# [Problem description]
The reply should reproduce every line of the data below word for word, minus any images.

# [Data under study]
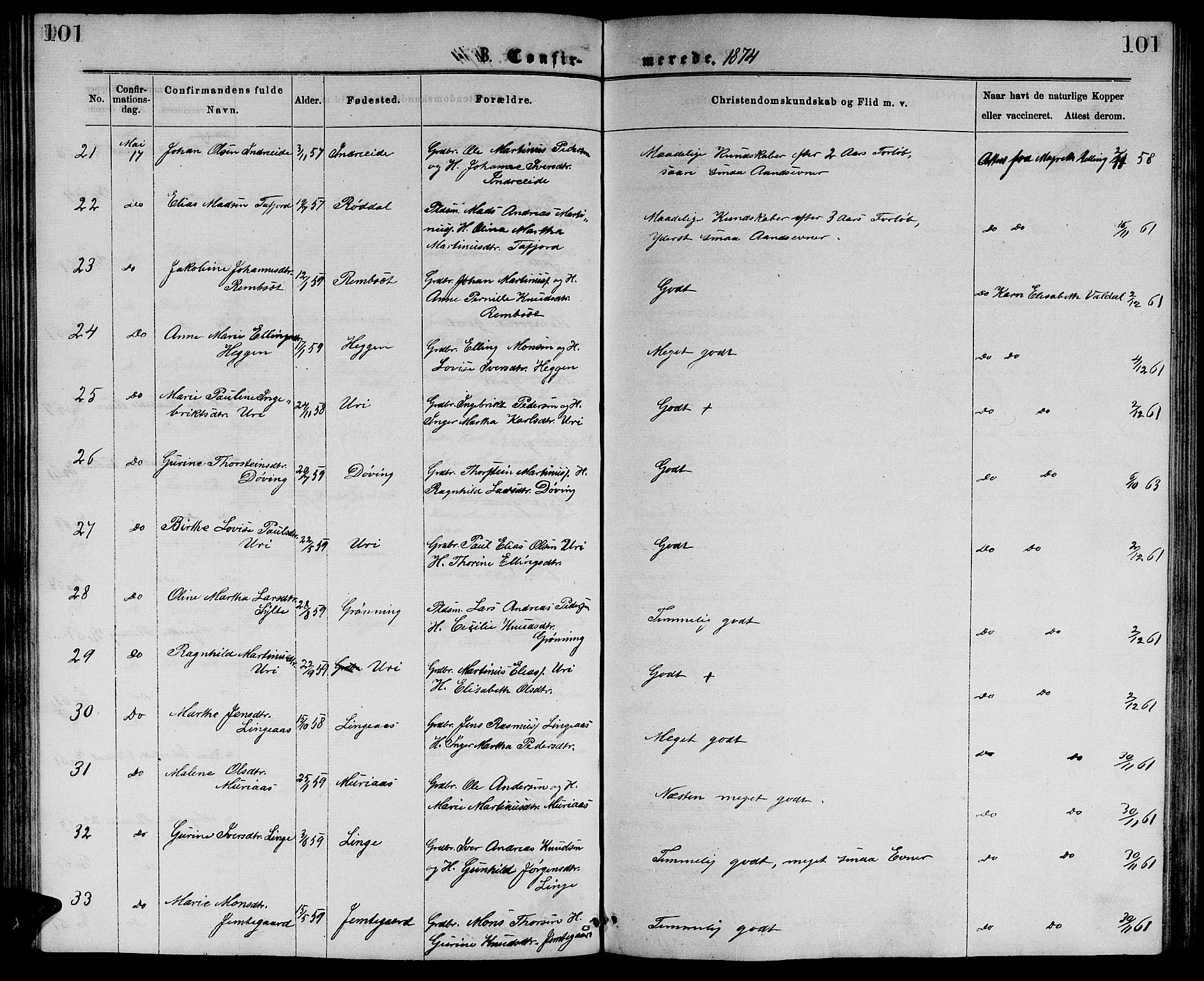 Ministerialprotokoller, klokkerbøker og fødselsregistre - Møre og Romsdal, AV/SAT-A-1454/519/L0262: Klokkerbok nr. 519C03, 1866-1884, s. 101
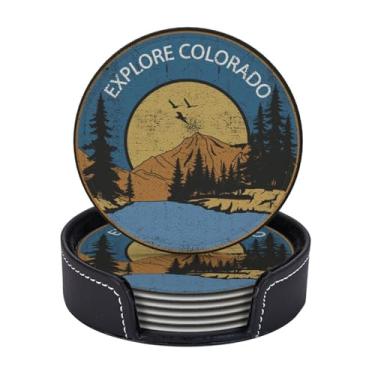 Imagem de Keeawou Porta-copos de couro Colorado Lake com suporte, conjunto de 6, adequado para vários copos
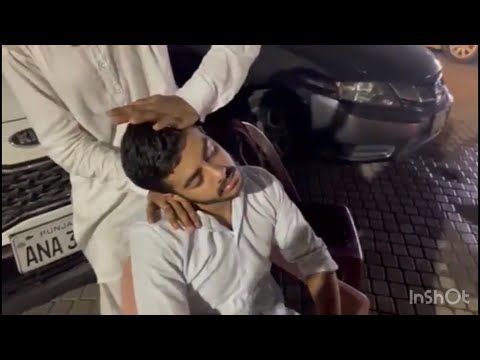 ASMR Amazing Deep Tissue Head,Neck & Ear Cracking Massage by the local barber at roadside 💆🏻‍♂️💈
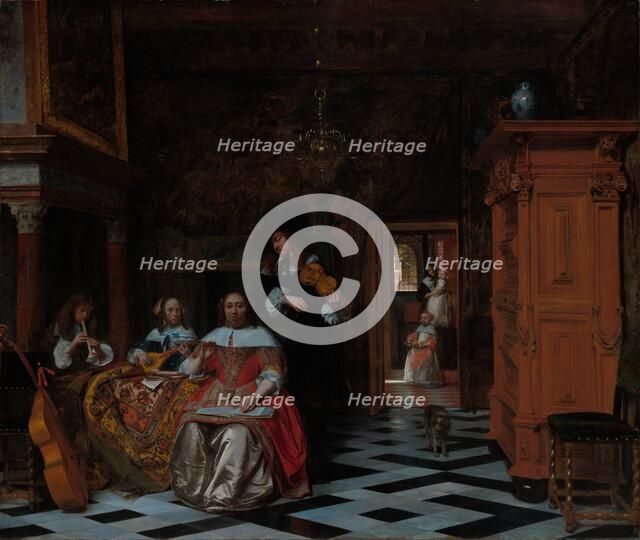Portrait of a Family Playing Music, 1663. Creator: Pieter de Hooch (Dutch, 1629-1684).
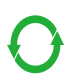 Green recycling symbol with two arrows forming a circular motion.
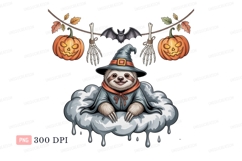 Sloth witch on cloud with pumpkins image Product Image 1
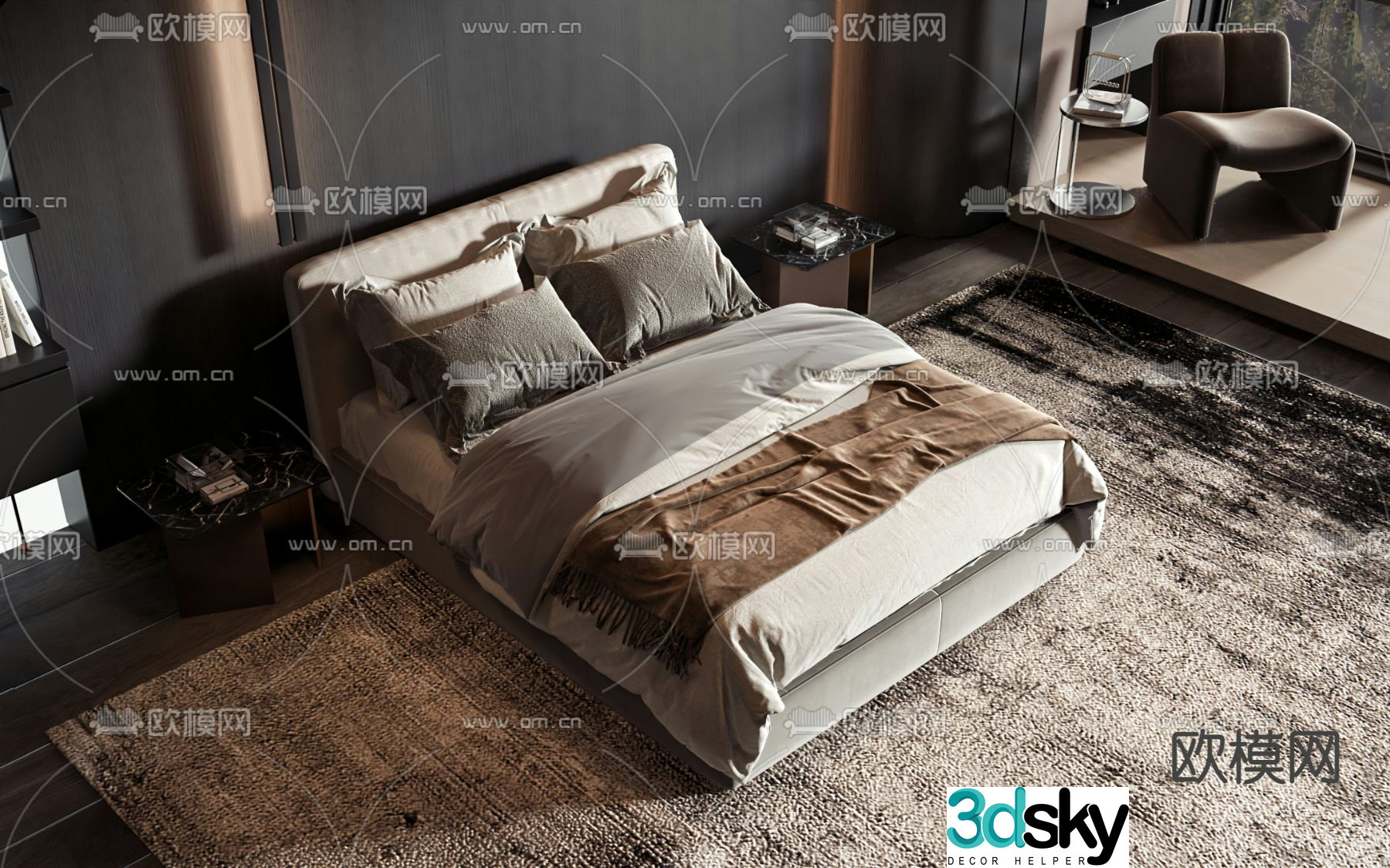 Double bed commercial bed 3d model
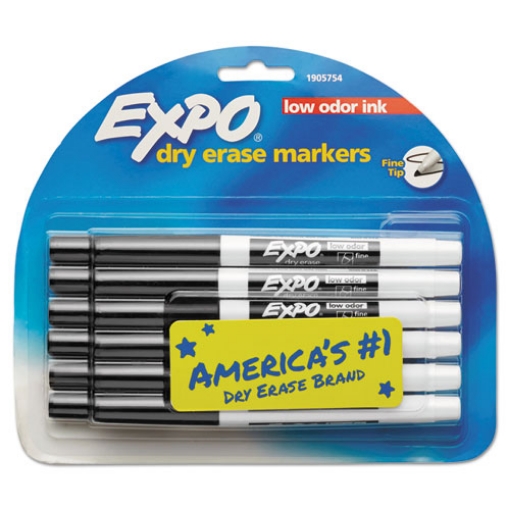 Picture of Low-Odor Dry-Erase Marker, Fine Bullet Tip, Black, Dozen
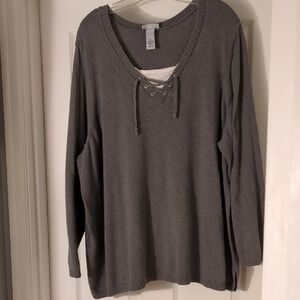 Catherines Charcoal Lace-Up Sweatshirt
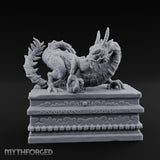 Cloud-Carved Claw-Lunging Eastern Dragon Guardian Statue Miniature for Dungeons and Dragons, Pathfinder or other TTRPGs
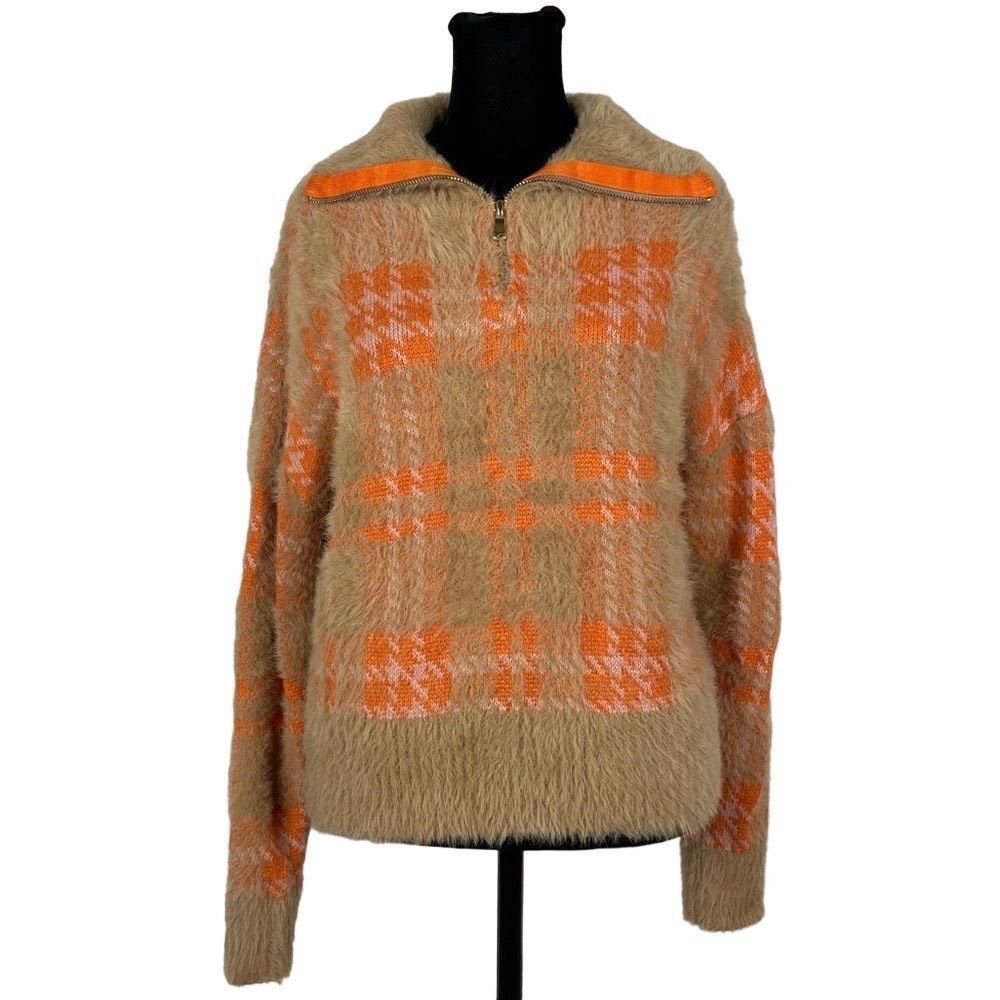 Broadway 38 Knit Houndstooth 1/4 Zip Cropped Fuzzy Sweater‎ - Women’s M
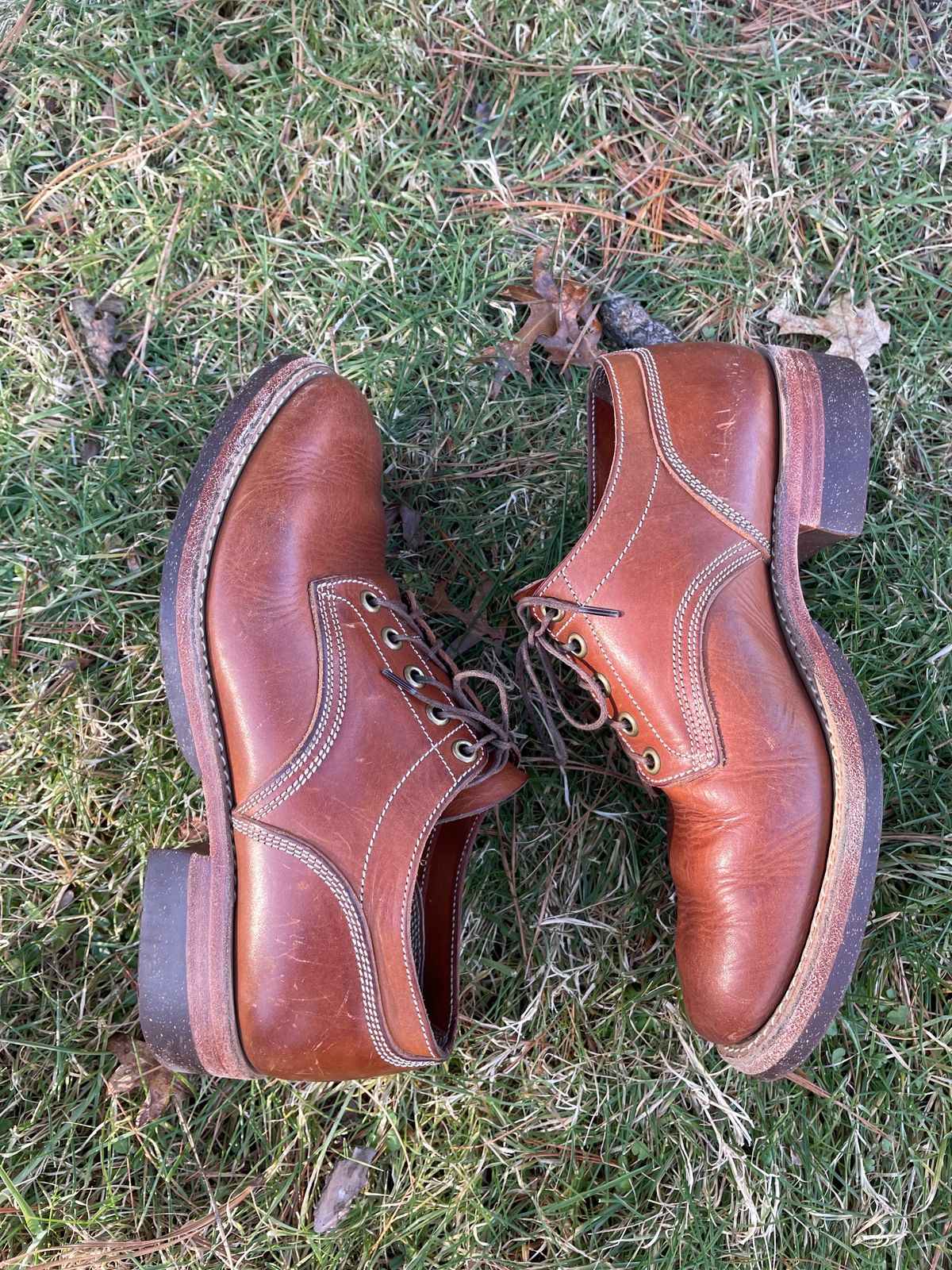 Photo by NewEnglandIndigo on February 3, 2024 of the Onderhoud LVL01 Derby Boot in Badalassi Carlo Cognac Minerva.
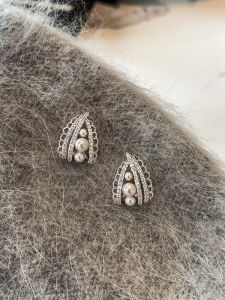 CAFFTI | 999 Pure Silver Lace Pearl Elegant Ear Pins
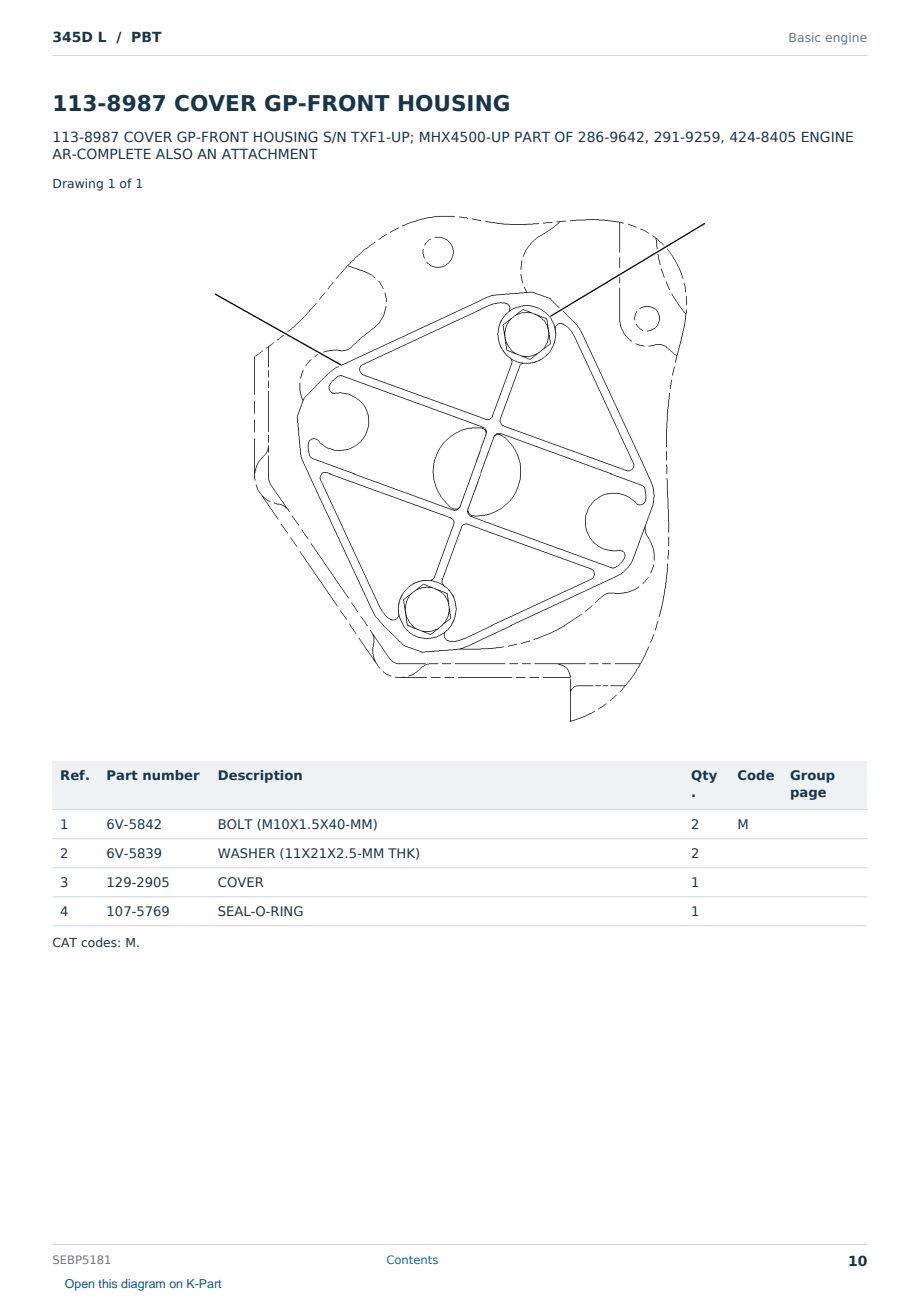 Caterpillar 345D L S/N PBT Partsbook SEBP5181 (English) - sample page 10 of 10 Caterpillar 345D L S/N PBT Partsbook SEBP5181 (English) - sample page 10 of 10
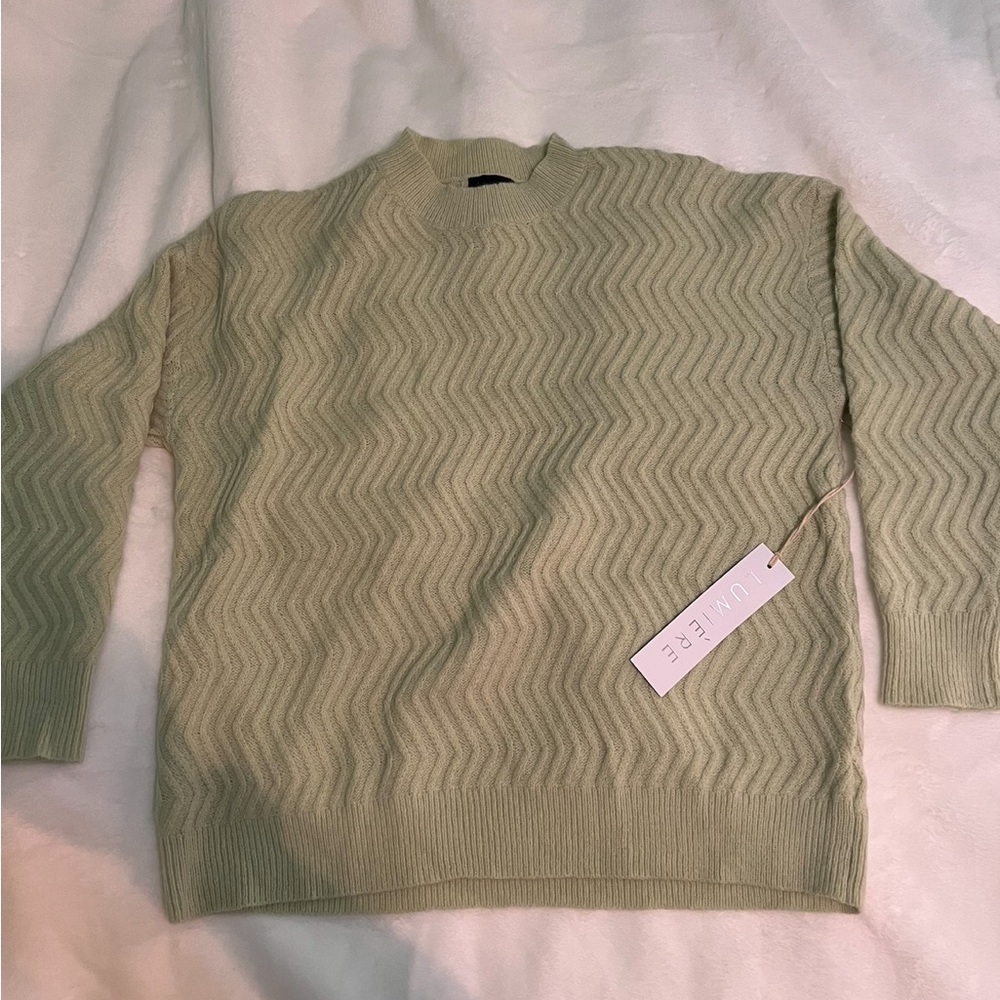 Lime zig-zag textured sweater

# [Response]
 Ministerialprotokoller, klokkerbøker og fødselsregistre - Møre og Romsdal, AV/SAT-A-1454/519/L0262: Klokkerbok nr. 519C03, 1866-1884, s. 101
 Imagem de Keeawou Porta-copos de couro Colorado Lake com suporte, conjunto de 6, adequado para vários copos
 ASMR Amazing Deep Tissue Head,Neck & Ear Cracking Massage by the local barber at roadside 💆🏻‍♂️💈
Portrait of a Family Playing Music, 1663. Creator: Pieter de Hooch (Dutch, 1629-1684).
 Green recycling symbol with two arrows forming a circular motion.
 Sloth witch on cloud with pumpkins image Product Image 1
 Double bed commercial bed 3d model
 Picture of Low-Odor Dry-Erase Marker, Fine Bullet Tip, Black, Dozen
 Catherines Charcoal Lace-Up Sweatshirt
 Cloud-Carved Claw-Lunging Eastern Dragon Guardian Statue Miniature for Dungeons and Dragons, Pathfinder or other TTRPGs
 Broadway 38 Knit Houndstooth 1/4 Zip Cropped Fuzzy Sweater‎ - Women’s M
 Photo by NewEnglandIndigo on February 3, 2024 of the Onderhoud LVL01 Derby Boot in Badalassi Carlo Cognac Minerva.
 CAFFTI | 999 Pure Silver Lace Pearl Elegant Ear Pins
 Caterpillar 345D L S/N PBT Partsbook SEBP5181 (English) - sample page 10 of 10 Caterpillar 345D L S/N PBT Partsbook SEBP5181 (English) - sample page 10 of 10
 Lime zig-zag textured sweater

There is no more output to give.